"We can try and kill all that is native, but spirit howls and wildness endures. Anticipate resurrection"
Terry Tempest Williams, 1994
Our Earth faces immense challenges ahead. As temperatures rise, disturbance regimes are altered, and extreme events increase in frequency, we cannot sit back and watch it happen. We must find solutions together, working in interdisciplinary teams to tackle these wicked problems. In our lab, we use a variety of tools (e.g. big data, spatially-explicit simulation modeling, field studies) to quantify spatial patterns of vegetation, disturbances, and above- and belowground carbon and nitrogen cycling at multiple temporal and spatial scales in terrestrial ecosystems. Our research is often translational using visualization as the bridge between researchers and managers, because we deem it important to conduct applied research that is useful for managers. We thrive on collaboration, especially interdisciplinary collaboration across fields like computer science, immersive technology, philosophy and anthropology, and are always looking for new projects in new locations. Overall, our research is guided by the belief that only through a better understanding of the interactions between biological and physical processes using multiple research methods will we truly determine the best ways to maintain forest sustainability and promote resilience in the face of disturbances and climate change.
Our work focuses on questions like:
1) How do disturbances like wildfire and insects alter trajectories of forest succession and carbon-nitrogen cycling of forests now and under climate change?
2) Which tree species will be “winners” and “losers” under different scenarios of climate change? How does resilience vary spatially across the landscape and which drivers are most important in influencing these spatial and temporally patterns?
3) Which management strategies are most effective for promoting forest resilience after disturbances? Do these strategies remain effective under a changing climate?

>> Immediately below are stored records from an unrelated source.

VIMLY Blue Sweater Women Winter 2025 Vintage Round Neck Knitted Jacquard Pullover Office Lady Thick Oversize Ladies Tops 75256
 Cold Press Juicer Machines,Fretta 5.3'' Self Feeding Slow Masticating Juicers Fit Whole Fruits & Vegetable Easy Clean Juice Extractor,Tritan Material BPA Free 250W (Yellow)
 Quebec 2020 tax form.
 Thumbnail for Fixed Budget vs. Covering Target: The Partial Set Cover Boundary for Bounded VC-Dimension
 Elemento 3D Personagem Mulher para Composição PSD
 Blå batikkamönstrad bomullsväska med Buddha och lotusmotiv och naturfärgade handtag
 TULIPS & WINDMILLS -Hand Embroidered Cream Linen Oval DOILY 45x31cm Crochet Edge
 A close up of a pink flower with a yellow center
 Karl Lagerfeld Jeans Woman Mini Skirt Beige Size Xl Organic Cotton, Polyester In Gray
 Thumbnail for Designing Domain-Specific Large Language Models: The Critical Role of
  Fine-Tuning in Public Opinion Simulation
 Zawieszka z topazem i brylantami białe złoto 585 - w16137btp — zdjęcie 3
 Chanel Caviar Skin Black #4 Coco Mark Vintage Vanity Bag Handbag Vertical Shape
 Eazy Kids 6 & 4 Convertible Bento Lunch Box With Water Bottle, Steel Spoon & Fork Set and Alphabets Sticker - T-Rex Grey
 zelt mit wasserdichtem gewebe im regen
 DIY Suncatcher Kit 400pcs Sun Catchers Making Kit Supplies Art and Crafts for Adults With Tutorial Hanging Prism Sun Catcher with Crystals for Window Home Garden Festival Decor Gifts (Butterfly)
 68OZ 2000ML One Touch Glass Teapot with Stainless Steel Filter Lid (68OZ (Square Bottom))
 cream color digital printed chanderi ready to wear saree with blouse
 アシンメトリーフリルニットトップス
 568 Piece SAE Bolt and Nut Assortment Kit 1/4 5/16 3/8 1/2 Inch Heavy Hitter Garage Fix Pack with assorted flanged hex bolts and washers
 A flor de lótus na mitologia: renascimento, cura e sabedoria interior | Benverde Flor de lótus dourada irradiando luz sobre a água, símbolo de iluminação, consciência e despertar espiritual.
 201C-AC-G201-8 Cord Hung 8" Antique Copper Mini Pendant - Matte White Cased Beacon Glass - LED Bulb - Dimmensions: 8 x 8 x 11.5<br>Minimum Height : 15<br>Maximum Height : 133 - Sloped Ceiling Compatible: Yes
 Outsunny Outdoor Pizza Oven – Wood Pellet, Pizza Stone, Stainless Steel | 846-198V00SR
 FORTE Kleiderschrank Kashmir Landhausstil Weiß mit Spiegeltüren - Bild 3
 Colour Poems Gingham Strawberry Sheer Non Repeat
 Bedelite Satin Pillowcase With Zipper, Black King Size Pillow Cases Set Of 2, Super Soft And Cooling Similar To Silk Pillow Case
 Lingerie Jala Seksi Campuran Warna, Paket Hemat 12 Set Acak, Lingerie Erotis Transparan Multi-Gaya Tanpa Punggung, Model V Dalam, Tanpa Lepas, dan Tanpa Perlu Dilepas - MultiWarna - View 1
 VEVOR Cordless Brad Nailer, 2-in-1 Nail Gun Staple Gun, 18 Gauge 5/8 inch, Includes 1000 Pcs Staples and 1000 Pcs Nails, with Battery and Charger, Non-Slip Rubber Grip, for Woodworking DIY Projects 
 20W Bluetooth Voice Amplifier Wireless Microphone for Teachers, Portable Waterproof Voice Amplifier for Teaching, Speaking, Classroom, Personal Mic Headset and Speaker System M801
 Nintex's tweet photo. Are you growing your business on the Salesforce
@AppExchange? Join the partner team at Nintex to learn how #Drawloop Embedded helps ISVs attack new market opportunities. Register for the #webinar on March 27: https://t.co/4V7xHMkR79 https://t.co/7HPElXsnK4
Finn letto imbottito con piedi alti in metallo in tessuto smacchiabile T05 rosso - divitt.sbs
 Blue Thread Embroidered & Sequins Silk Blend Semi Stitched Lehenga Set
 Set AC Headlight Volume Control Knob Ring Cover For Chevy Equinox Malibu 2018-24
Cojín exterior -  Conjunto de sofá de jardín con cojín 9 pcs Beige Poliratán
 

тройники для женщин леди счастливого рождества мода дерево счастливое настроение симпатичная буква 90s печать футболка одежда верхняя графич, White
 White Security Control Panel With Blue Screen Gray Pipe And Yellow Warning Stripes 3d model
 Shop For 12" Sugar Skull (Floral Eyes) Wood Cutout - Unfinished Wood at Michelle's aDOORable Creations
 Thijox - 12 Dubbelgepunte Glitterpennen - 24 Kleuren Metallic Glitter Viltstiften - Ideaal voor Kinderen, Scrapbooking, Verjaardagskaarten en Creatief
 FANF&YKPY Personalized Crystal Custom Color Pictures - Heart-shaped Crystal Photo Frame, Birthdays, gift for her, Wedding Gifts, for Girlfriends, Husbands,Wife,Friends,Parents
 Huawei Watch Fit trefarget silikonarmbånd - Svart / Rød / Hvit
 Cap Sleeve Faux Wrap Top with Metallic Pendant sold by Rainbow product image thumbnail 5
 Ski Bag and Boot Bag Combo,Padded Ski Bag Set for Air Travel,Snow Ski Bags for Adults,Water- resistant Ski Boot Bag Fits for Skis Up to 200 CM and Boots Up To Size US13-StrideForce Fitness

In effect, our research tries to find better ways to manage our forests and build forest resilience under our changing climate. Our research uses large spatial datasets, like the Forest Inventory and Analysis (FIA) database developed by USDA Forest Service, to determine how disturbances like wildfire shape current forest condition. Many of our research projects involve the use of LANDIS-II, since Dr. Lucash is one of the lead developers of the model. The LANDIS-II forest landscape model simulates forest succession and disturbances (e.g., fire, wind, insects) at decadal to multi-century time scales and spatial scales spanning from hundreds to millions of hectares. Our research takes place in many different ecosystems, including the boreal forests of Alaska, boreal and mixed hardwoods of MN and WI, coastal forests of OR, mixed coniferous forests in the Klamath Mountains of OR and CA, longleaf pine forests of NC, northern hardwoods of MA and NH, and deciduous forests of UK.
Only by working together can we fight the immense challenges that lie ahead.